Continuando a citar a artista, agora sobre a criação da peça escultórica central, “tiro as luvas, paro e vejo o que fiz, agora sim de uma forma consciente. Emoção fortíssima de um reconhecimento de algo muito importante para mim, um misto entre contentamento, orgulho e ao mesmo tempo nostalgia e tristeza. Uma esquizofrenia vibrante e positiva, faz-me reconhecer que é por isto que eu estou aqui, esta ação de 30 minutos dá sentido á minha vida.” A incerteza, a inquietude, o medo são apanágios da alma artística, mas também o sentido da sua arte.
“É bonito e triste e isto faz-me continuar a trabalhar. Sinto-me leve, descontraída e o meu corpo produz algo que tinha que produzir, é uma cena solitária de um conjunto de momentos frágeis guardados em trinta minutos.” A possibilidade infinita do ato de criação materializado e imaterializado na exposição.
“No meu interior encontro o silêncio procurado. Mas dele fico tão perdida de qualquer lembrança de algum ser humano e de mim mesma, que transformo essa impressão em certeza de solidão física.”[4]
Sofia Marçal
Natércia Caneira - https://naterciacaneira.weebly.com/
[1] Exposição Systemic Factors, apresentada na Sala da Cortiça, de 25 de junho a 16 de agosto de 2015.
[2] Marguerite Yourcenar, in: Como a Água Que Corre, p.18.
[3] Frédéric Gros, in: Desobedecer, p.86.
[4] Clarice Lispector, in: Perto do Coração Selvagem, p.36.
Curadoria: Sofia Marçal
Inauguração: 1 setembro, 18h00 às 20h00
ATIVIDADES ASSOCIADAS
Q&A - CONVERSAS COM A ARTISTA NA EXPOSIÇÃO
10 de setembro, 12h00 às 13h00
Resiliência e o processo criativo
Visita guiada pela artista, com perguntas e respostas, sobre o processo criativo desenvolvido durante os 30 anos deste projeto
14 de setembro, 18h00 às 19h00
Processos de investigação - O artista e o cientista
Visita guiada pela artista, com perguntas e respostas, sobre as similaridades entre o artista e o cientista nos seus processos de investigação
MESA REDONDA
21 de setembro, 18h00 às 19h00
Arte e Ciência: "Ao encontro de Pierre-Paul Broca"

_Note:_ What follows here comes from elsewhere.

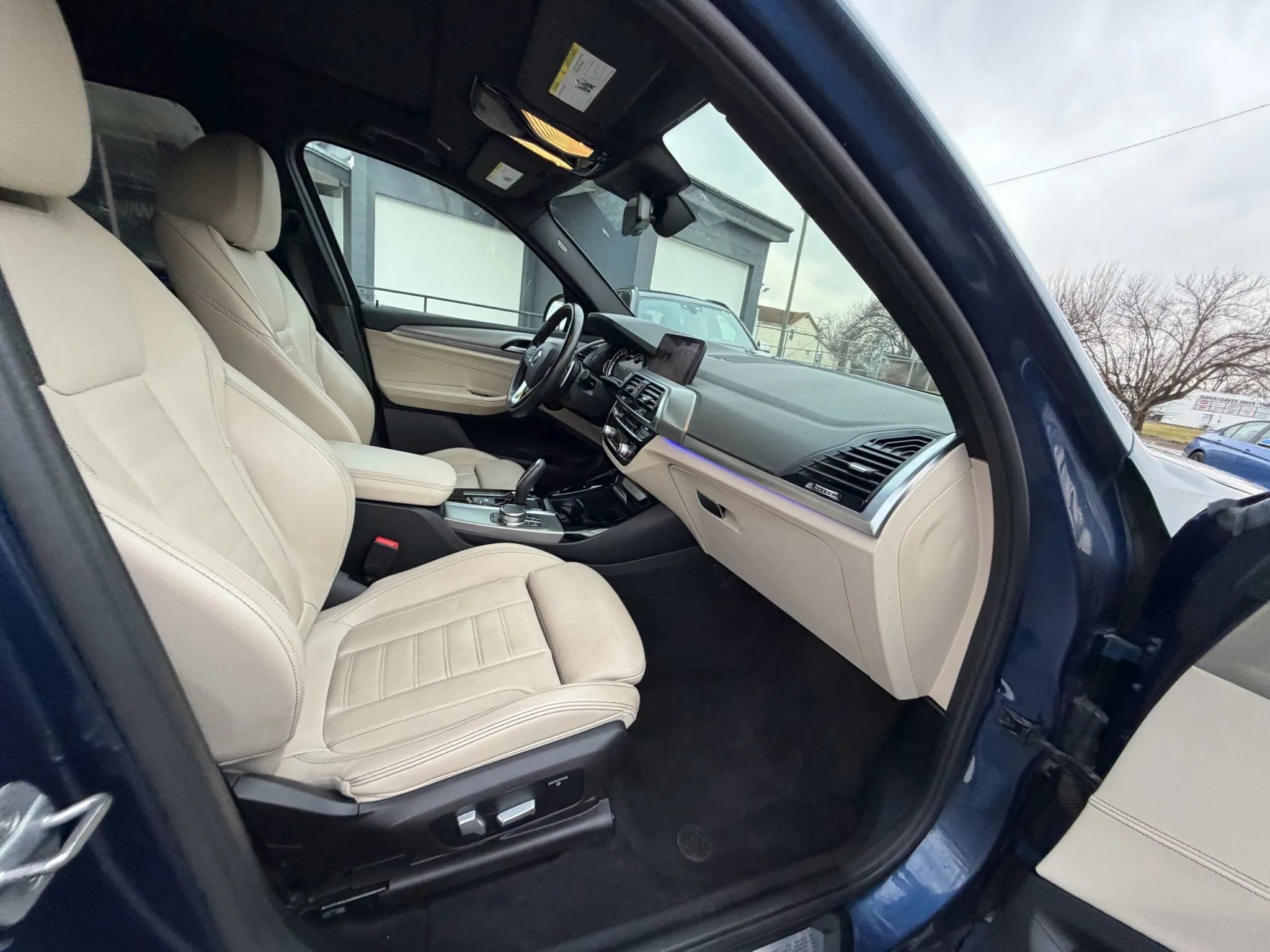 Used 2019 BMW X3 xDrive30i w/ Premium Package Essential image 18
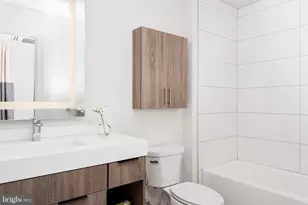 300 St Paul Pl, Baltimore, MD 21202 - Photo 29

Uma conversa sobre arte e ciência onde se irá abordar o surgimento e desenvolvimento da Bioarte em Portugal.
WORKSHOP
29 de setembro, 19h00 às 21h00
Workshop de observação e desenho das peças em exposição: "Dink and Draw"
Uma festa exclusiva onde o desenho é a forma de comunicação. É pedido aos participantes que se vistam a rigor e venham celebrar o refinamento na arte.